News archive

Amlet selected by IBM Hyper Protect Accelerator

posted Sep 16, 2020, 6:49 AM by Enrico Fagnoni   [ updated Sep 16, 2020, 7:17 AM ]

Today (15/09/2020), during the IBM Z Day, It was officially announced that our Amlet project has been selected by the IBM Hyper Protect Accelerator for 2021 as one #2 of most promising 15  projects in the world,  and #1 in Europe. Amlo was admitted to Cohort 2 program in San Francisco Accelerator.

Amlet is a part the Mopso product suite devoted to AML that is able to automate the Customer Due Diligence process throw innovative cryptographic, privacy preserving algorithms.

Anassimene, the third generation of SDaaS is ready

posted Jun 6, 2020, 5:52 AM by Enrico Fagnoni

2020.06.05 today LinkedData.Center labs announce the pre release on SDaaS platform, Two times faster and smart than the previous version.

Anassimene is used in Mopso Brain and Mopso Net products

mopso selected by mps

posted Apr 4, 2020, 6:18 AM by Enrico Fagnoni

mopso has been selected for the OfficinaMPS open banking initiative, the permanent laboratory of Banca Monte dei Paschi di Siena dedicated to innovation.

the MOPSO project started

posted Apr 4, 2020, 6:13 AM by Enrico Fagnoni

Watch out for the robot's error

posted Jun 7, 2019, 7:31 AM by Enrico Fagnoni

The result obtained from an algorithm based on neural networks cannot be explained. Moreover, it always has a statistical error, which is often also quantifiable.

Lack of proof is the fundamental difference between neural networks and other A.I. tools like, for example, the inferential systems based on the open world assumption (i.e. rules systems that are tolerant of any lack of information). Such kind of A.I. systems, unlike neural networks, are always able to motivate their choices. The Semantic Web is the most known example.

The prevailing trend collapses the whole  A.I. ​​on machine learning only  (in particular on neural networks), but there are many ways of doing things. The technique of making a machine learn by example is undoubtedly the one that requires less cognitive effort on the part of human beings, and for that, perhaps it generates so many expectations.

In order for things to work, we always need a logical-deductive substrate, which perhaps, in a more or less distant future, could also be deduced from a machine but which, for now, MUST always be modeled "by hands" and it must always be an integral part of every automatic system that takes decisions.

In other words, you always need to insert the models generated through machine learning in a formal logical context, which evaluates rules defined by humans and based on socially shared conceptualizations.  To build this logical model,  you need to think a lot, discuss a lot and work hard to formalize it, maybe that's why we tend to pretend it's not needed.

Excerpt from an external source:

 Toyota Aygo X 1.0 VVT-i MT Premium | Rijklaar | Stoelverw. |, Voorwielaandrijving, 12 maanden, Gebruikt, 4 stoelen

In exchange for such significant work, you can always know what you're talking about, what you're doing and why you're doing it. 

Machine Learning: oh yeah?

posted May 17, 2019, 1:51 AM by Enrico Fagnoni   [ updated May 17, 2019, 1:54 AM ]

Recently, someone starts to speak about the training of AI models while maintaining learning data privacy (e.g. "A Demonstration of Sterling: A Privacy-Preserving Data Marketplace" Nick Hynes, David Dao, David Yan, Raymond Cheng, Dawn Song VLDB Demo 2018. )

In my opinion, the ML model creation makes sense only on public data sets or, in any case, on data verifiable by those who will use the model obtained from them. Otherwise, the results are indistinguishable from random values that should be revalidated experimentally on each update of the model.

Using a "black box" model is a total act of faith. We fall into the "reputational" scheme where the crowd decides what is right and what is wrong without having the elements to do so.  At the very least, those who produce an opaque model should be responsible for the errors produced by the model they created.

The risk of switching from fake news to fake data and/or fake models is very high. 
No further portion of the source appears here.